Task to carry out: Make an exact copy of all the records, one that contains none of the pictures.

(Short web captions)
┄┄┄┄┄┄┄┄┄┄

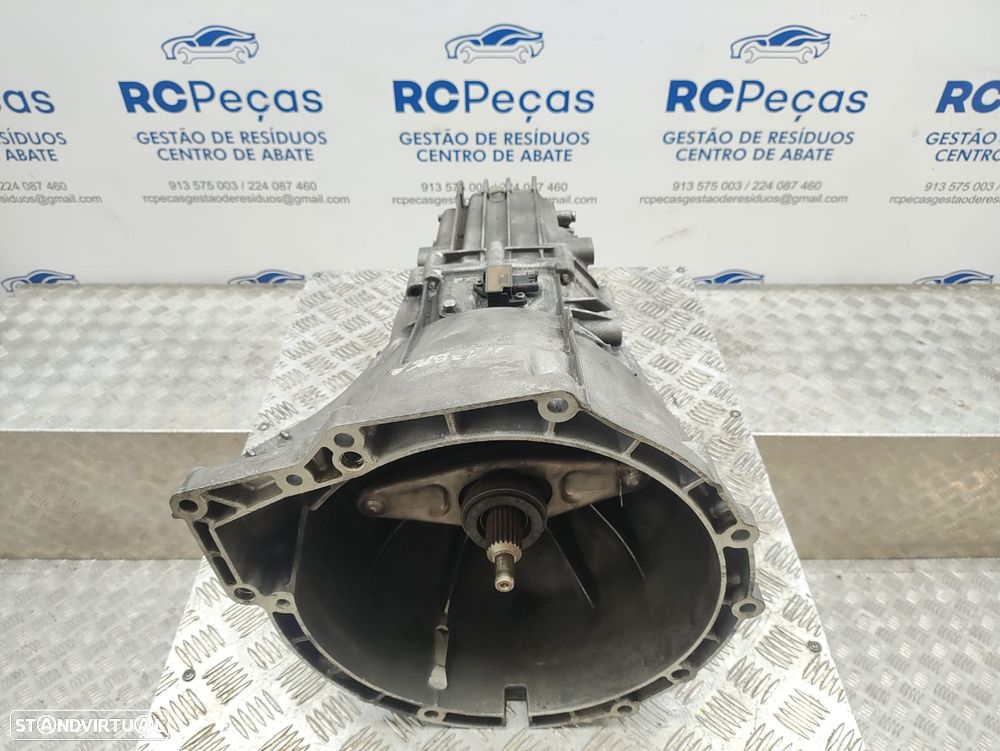 Caixa 6 Velocidades Manual BMW 1.6i N13B16A 2300460782702 4607827 GS6-17AG AMY - 7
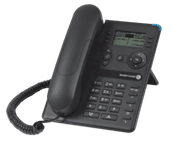 

8008G Cloud Edition Entry-level DeskPhone, SIP, 128x64 pixels, black and white LCD with ba, 3MG08021CE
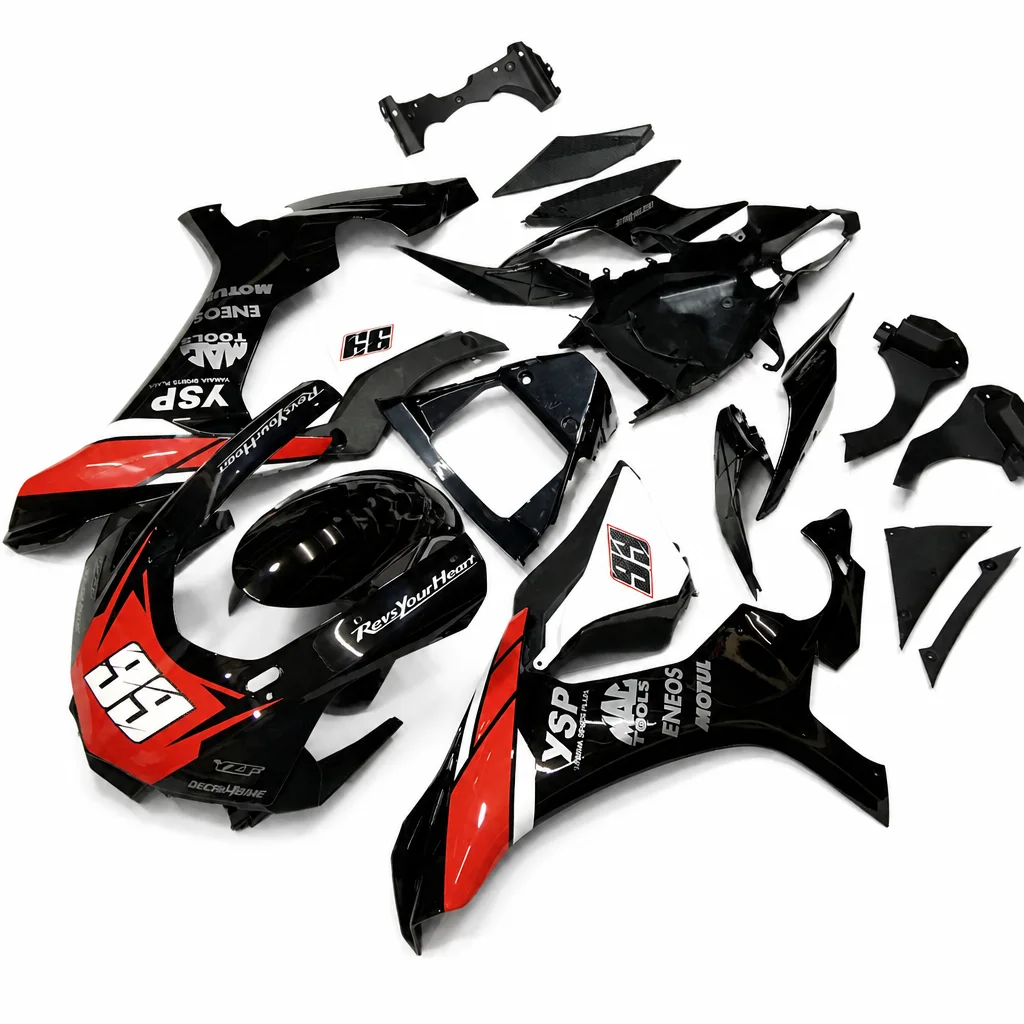 Fairing set Yamaha YZF-R1 2015-2019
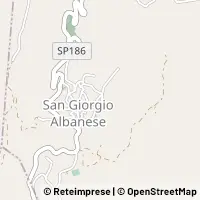 Kort San Giorgio Albanese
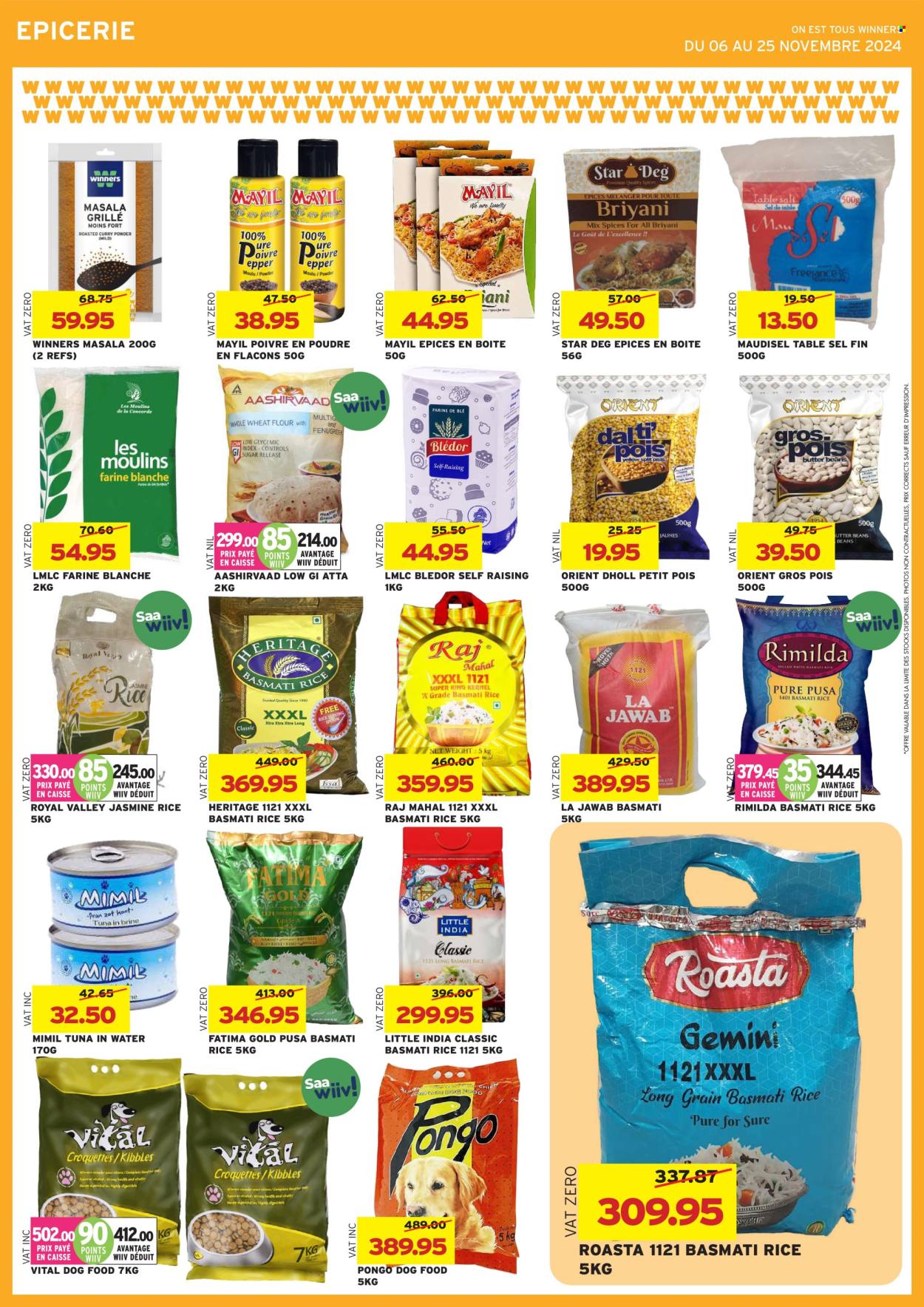 Winners catalogue - 6.11.2024 - 25.11.2024. Page 17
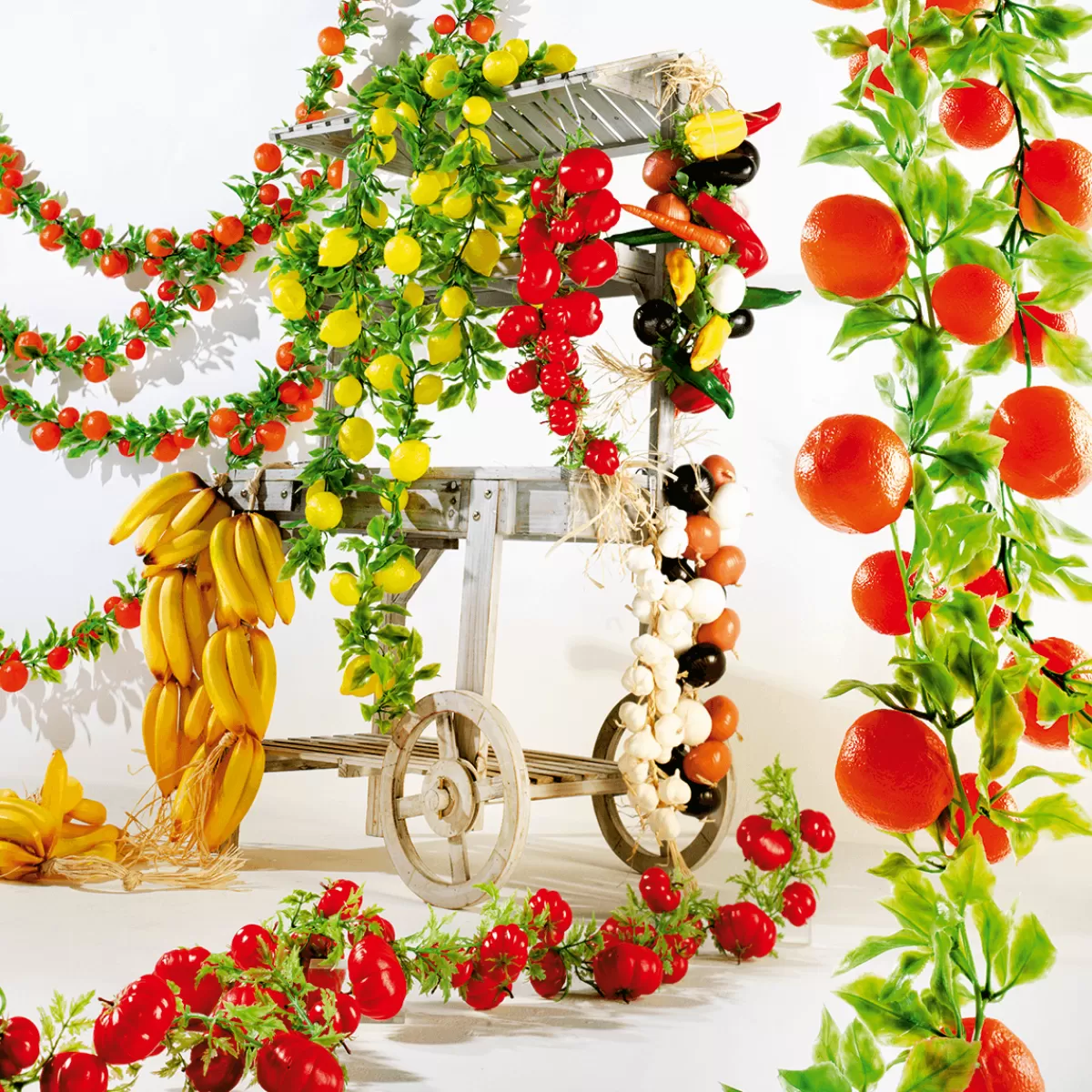 chariot_vintage_haut_130_cm_7.webp DecoWoerner Chariot Vintage Haut. 130 Cm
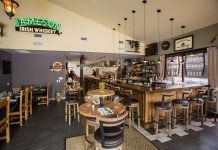 The Kitchen raises the bar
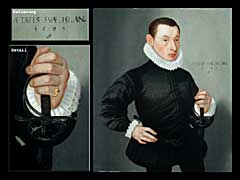 Hampel Lorenz Strauch 1554 Nürnberg - 1630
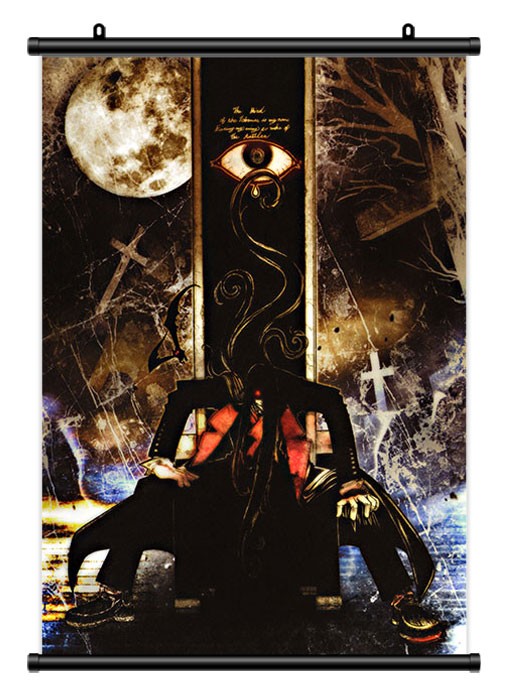 ���������� ������� ������� �������� Hellsing 97711 �� ����� � ����� �������� / Hellsing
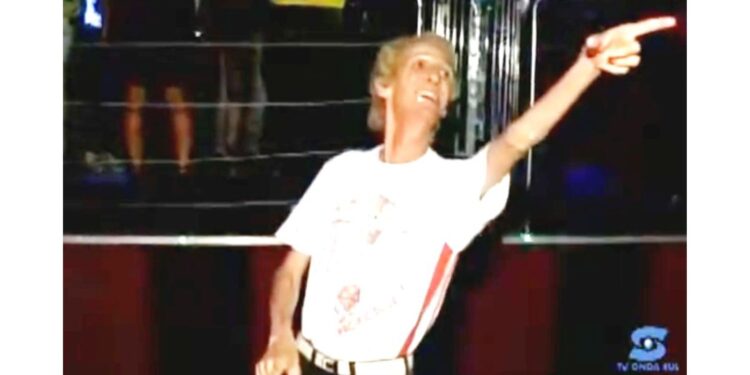 VÍDEO: Carmo do Rio Claro se despede de Luiz Boético, rei das noites carmelitanas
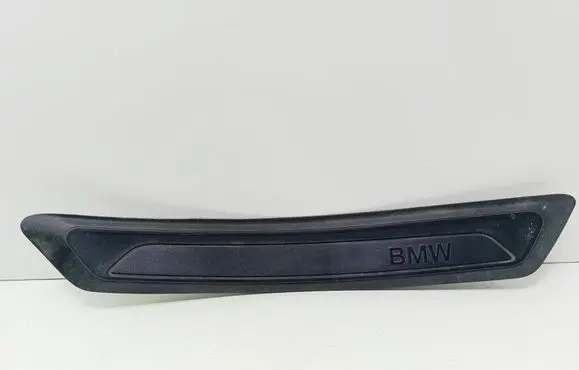 BMW 1 F20 F21 Rear sill trim cover 7263312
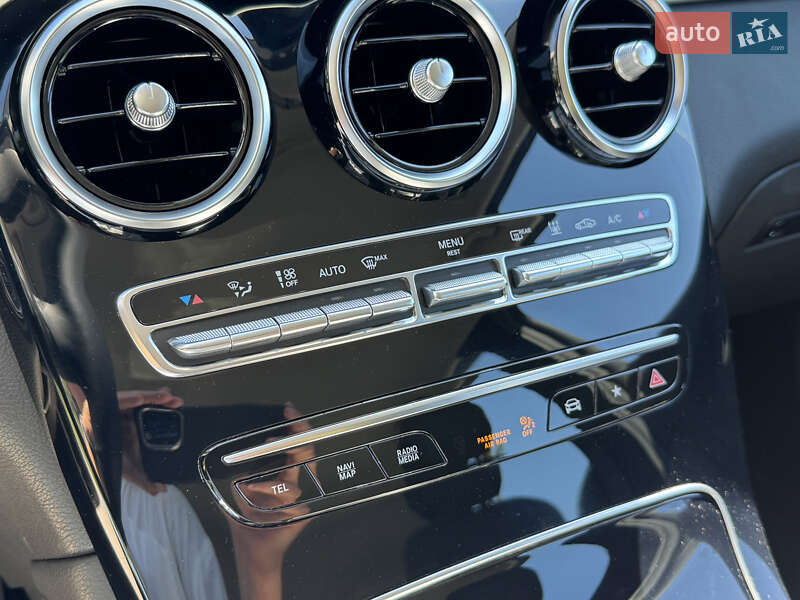 Внедорожник / Кроссовер Mercedes-Benz GLC-Class 2020 в Киеве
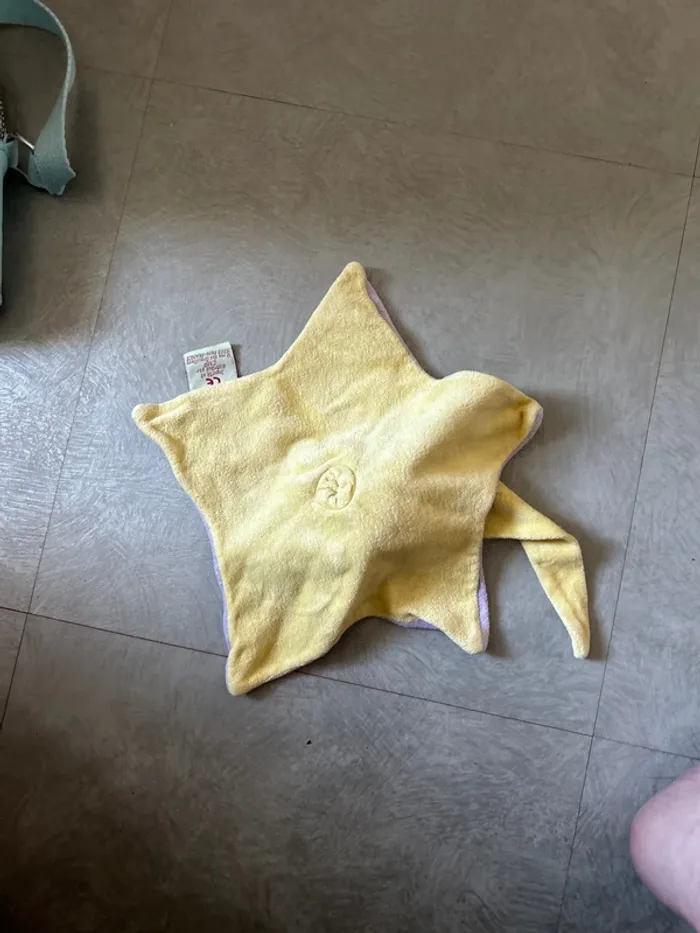 Doudou cmp un rêve de bébé - photo numéro 3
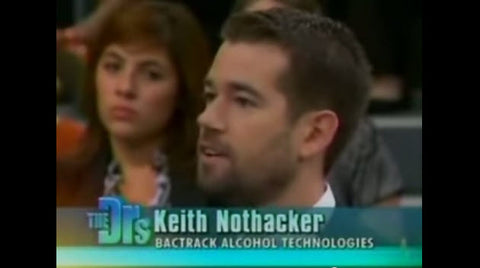 The Doctors Feature the BACtrack S75 Pro Breathalyzer on Episode Titled “The Health Scare Experiment”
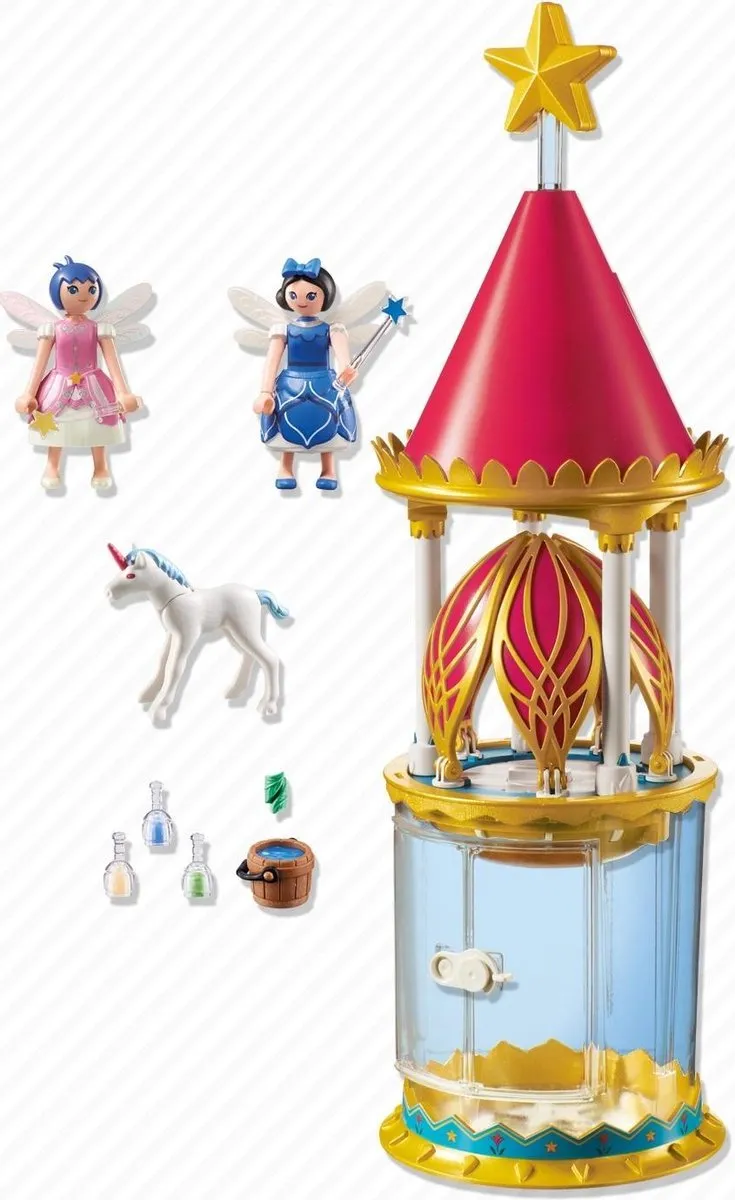 Playmobil Muzikale Toren Twinkle Sterrenglinster 6688 - Multicolor - afbeelding 6 van 6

┄┄┄┄┄┄┄┄┄┄

Solved exercise:
 Caixa 6 Velocidades Manual BMW 1.6i N13B16A 2300460782702 4607827 GS6-17AG AMY - 7

8008G Cloud Edition Entry-level DeskPhone, SIP, 128x64 pixels, black and white LCD with ba, 3MG08021CE
 Fairing set Yamaha YZF-R1 2015-2019
 Kort San Giorgio Albanese
 Winners catalogue - 6.11.2024 - 25.11.2024. Page 17
 chariot_vintage_haut_130_cm_7.webp DecoWoerner Chariot Vintage Haut. 130 Cm
 The Kitchen raises the bar
 Hampel Lorenz Strauch 1554 Nürnberg - 1630
 ���������� ������� ������� �������� Hellsing 97711 �� ����� � ����� �������� / Hellsing
 VÍDEO: Carmo do Rio Claro se despede de Luiz Boético, rei das noites carmelitanas
 BMW 1 F20 F21 Rear sill trim cover 7263312
 Внедорожник / Кроссовер Mercedes-Benz GLC-Class 2020 в Киеве
 Doudou cmp un rêve de bébé - photo numéro 3
 The Doctors Feature the BACtrack S75 Pro Breathalyzer on Episode Titled “The Health Scare Experiment”
 Playmobil Muzikale Toren Twinkle Sterrenglinster 6688 - Multicolor - afbeelding 6 van 6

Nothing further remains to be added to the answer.